BASE_URL = os.environ["QUALYTICS_URL"].rstrip("/")
TOKEN    = os.environ["QUALYTICS_TOKEN"]
HEADERS  = {"Authorization": f"Bearer {TOKEN}"}

def run_operation(client, datastore_id: int, op_type: str) -> dict:
    """Trigger an operation and poll until it completes."""
    r = client.post(
        f"{BASE_URL}/api/operations/run",
        json={"type": op_type, "datastore_id": datastore_id},
    )
    r.raise_for_status()
    op_id = r.json()["id"]

    while True:
        r = client.get(f"{BASE_URL}/api/operations/{op_id}")
        r.raise_for_status()
        op = r.json()
        if op["result"] in ("success", "failure", "aborted"):
            return op
        time.sleep(5)

with httpx.Client(headers=HEADERS, timeout=60.0) as client:
    # 1. Connection
    r = client.post(f"{BASE_URL}/api/connections", json={
        "type": "postgresql",
        "name": "warehouse-prod-db",
        "host": os.environ["DB_HOST"],
        "port": 5432,
        "username": os.environ["DB_USER"],
        "password": os.environ["DB_PASSWORD"],
    })
    r.raise_for_status()
    connection_id = r.json()["id"]

    # 2. Test
    client.post(f"{BASE_URL}/api/connections/{connection_id}/test").raise_for_status()

    # 3. Datastore
    r = client.post(f"{BASE_URL}/api/datastores", json={
        "name": "warehouse-prod",
        "connection_id": connection_id,
        "database": "analytics",
        "schema": "public",
        "tags": ["production", "warehouse"],
    })
    r.raise_for_status()
    datastore_id = r.json()["id"]

    # 4-6. Operations pipeline
    for op_type in ("sync", "profile", "scan"):
        op = run_operation(client, datastore_id, op_type)
        print(f"{op_type:>8}: {op['result']}")

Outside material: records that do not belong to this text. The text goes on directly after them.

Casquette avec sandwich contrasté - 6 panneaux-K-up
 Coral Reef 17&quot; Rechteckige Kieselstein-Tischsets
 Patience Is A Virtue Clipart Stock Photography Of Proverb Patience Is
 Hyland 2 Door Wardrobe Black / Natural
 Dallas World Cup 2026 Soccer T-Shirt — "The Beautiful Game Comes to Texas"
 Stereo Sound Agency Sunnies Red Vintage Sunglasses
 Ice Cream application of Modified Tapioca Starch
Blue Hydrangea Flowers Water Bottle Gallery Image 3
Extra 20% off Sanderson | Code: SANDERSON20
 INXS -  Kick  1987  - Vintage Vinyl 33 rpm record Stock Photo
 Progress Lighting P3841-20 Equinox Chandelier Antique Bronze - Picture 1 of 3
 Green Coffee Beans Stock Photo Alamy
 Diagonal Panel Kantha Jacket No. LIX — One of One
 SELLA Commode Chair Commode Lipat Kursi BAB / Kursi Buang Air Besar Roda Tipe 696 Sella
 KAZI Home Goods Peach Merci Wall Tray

Variations and advanced usage

DFS (S3 / GCS / Azure) instead of JDBC

The pattern is identical; only the connection type and fields change:

qualytics connections create \
    --type amazon-s3 \
    --name "data-lake-prod" \
    --uri 's3://my-bucket/data/' \
    --access-key '${AWS_ACCESS_KEY}' \
    --secret-key '${AWS_SECRET_KEY}'

IAM role authentication

For S3, Athena, and Redshift, prefer an IAM role over static credentials:

qualytics connections create \
    --type amazon-s3 \
    --name "data-lake-prod" \
    --uri 's3://my-bucket/data/' \
    --authentication-type IAM_ROLE \
    --role-arn arn:aws:iam::123456789012:role/QualyticsReader \
    --external-id qualytics-prod-external-id

See IAM Role Authentication.

Dry-run before creating

qualytics connections create --type postgresql ... --dry-run
qualytics datastores create --name ... --connection-name ... --dry-run

--dry-run prints the exact API payload without making the call. Useful for review or to copy into Python.

Troubleshooting

Symptom Likely cause Fix
connections test fails with Connection refused Network path missing (no VPN, security group, or peering) Test connectivity from the same network the Qualytics instance runs in.
connections test fails with authentication failed Wrong username/password, or missing privilege Verify with a SQL client outside Qualytics first.
sync succeeds but no containers appear Schema name typo, or no tables in the schema Confirm with qualytics datastores get --id 42. The schema is part of the datastore record.
profile runs forever on huge tables Default per-partition record limit is too low or unset Set --max-records-analyzed-per-partition; see Operations.
scan returns "no checks to run" Profile produced zero AI Managed checks (turn AI Effort up, or write checks manually) qualytics operations profile --ai-effort high, or Bulk-create quality checks.